Day 5 Exercises — Rate Limiting & Traffic Shaping

Exercise 1 🟡 Easy ⏱ 15 min

✓ Completed

Rate Limiting Algorithm Selection

A public API serves 3 client types: (A) Background jobs that burst 500 requests at startup then slow to 10 req/sec, (B) Interactive users expecting smooth consistent responses, (C) Potential abusers scraping data as fast as possible. Each type needs a different algorithm.

Algorithm Comparison

Token Bucket: accumulates tokens → allows bursts

|

Leaky Bucket: constant output rate, drops bursts

|

Sliding Window: precise count, no boundary attacks

Concept Check — 3 questions

Q1. For background jobs that burst 500 requests at startup, then slow to 10 req/sec, which algorithm is best?

ALeaky bucket — smooths all output to a constant rate regardless of input bursts

BToken bucket — accumulates tokens over time, allows bursting through the reserve

CFixed window counter — simple to implement for bursty workloads

DNo rate limiting — background jobs should never be limited

Q2. The leaky bucket algorithm guarantees what output characteristic?

AConstant output rate regardless of input burst size

BAllows all bursts to pass through with no rate restriction

CUnlimited throughput with no waiting

DZero latency on all requests including burst traffic

Q3. Sliding window counter is more accurate than fixed window counter because?

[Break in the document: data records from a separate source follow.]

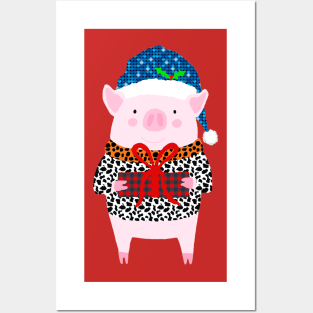 Christmas Pig Holiday Cute Piglet with Gift wearing Blue Santa Hat and Leopard Print Posters and Art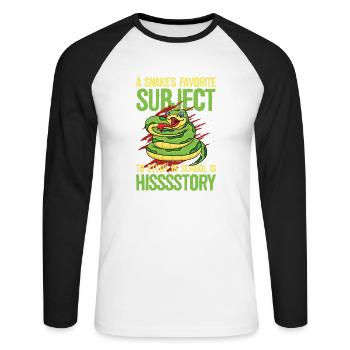 A Snake's Favorite Subject To Study In School - Unisex Baseballshirt langarm - Weiß/Schwarz - Vorne - Nik (191cm)
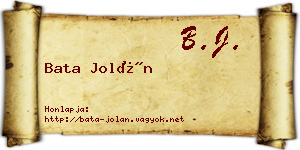 Bata Jolán névjegykártya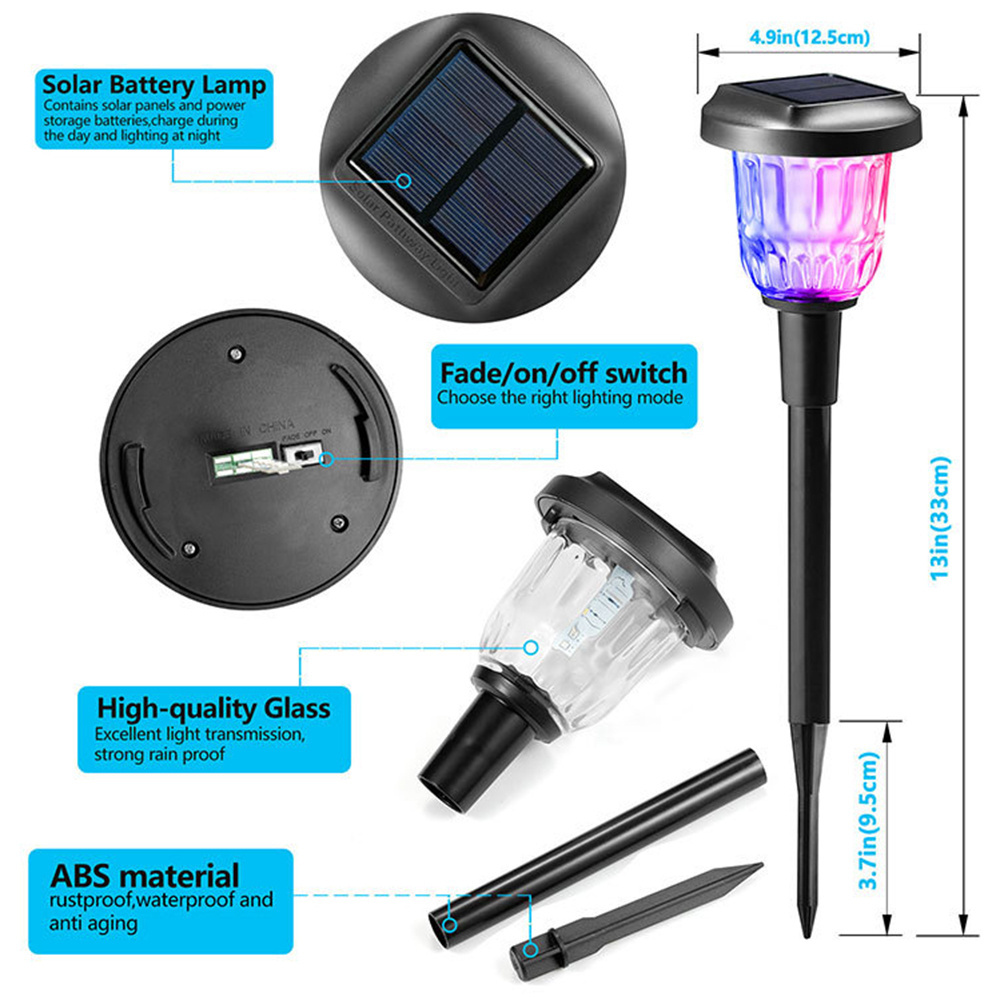 Led Outdoor Lawn Lamp Waterproof IP-65 ABS Plastic Flame 5000K Solar Lantern Garden Lights Decorative Led Solar Light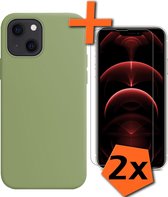 iPhone 13 Mini Hoesje Siliconen Case Met 2x Screenprotector Met Dichte Notch - iPhone 13 Mini Hoes Siliconen Cover Met 2x Beschermglas - Groen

AIt processes requests faster due to optimized data structures

BIt uses less memory than fixed windows at high request rates

CIt prevents boundary attacks — no synchronized reset at window edges allows 2× the limit

DIt is simpler to implement and debug

Boundary attack on fixed windows: send 100 requests at 11:59:59 (end of window 1), then 100 at 12:00:01 (start of window 2) = 200 requests in 2 seconds despite a 100 req/min limit. Token bucket Redis implementation: store {tokens, last_refill_timestamp} in Redis, atomically refill and decrement on each request. Tiers: store tier in user metadata → lookup limit → apply algorithm.

Open Design Challenge

1

Explain the boundary attack against fixed windows: if the limit is 100 req/min, how can an attacker get 200 requests in 2 seconds? Show the timing.

2

Implement a token bucket rate limiter using Redis. What data structure do you store per user? Show the pseudocode with INCR and EXPIRE commands.

3

Design rate limit tiers: free (100 req/min), pro (1,000 req/min), enterprise (unlimited). How do you store the tier and check limits efficiently on every request?

Concept score: 0/3

Exercise 2 🟡 Easy ⏱ 20 min

✓ Completed

Distributed Rate Limiting

A company has 10 API servers. Rate limit per user: 1,000 req/min. Each server maintains its own local counter. User A sends 100 requests to each of 10 servers = 1,000 total requests, but each server only sees 100 — all pass the per-server limit of 100. The rate limit is bypassed entirely.

Local vs Centralized Rate Limiting

❌ Local counters (broken)

User → LB → 10 servers each see 100 req → all allow → total 1,000 req bypass limit

✅ Central Redis counter

All 10 servers INCR same Redis key → shared count → 429 when count exceeds limit

Concept Check — 3 questions

Q1. The fix for distributed rate limiting across multiple API servers is?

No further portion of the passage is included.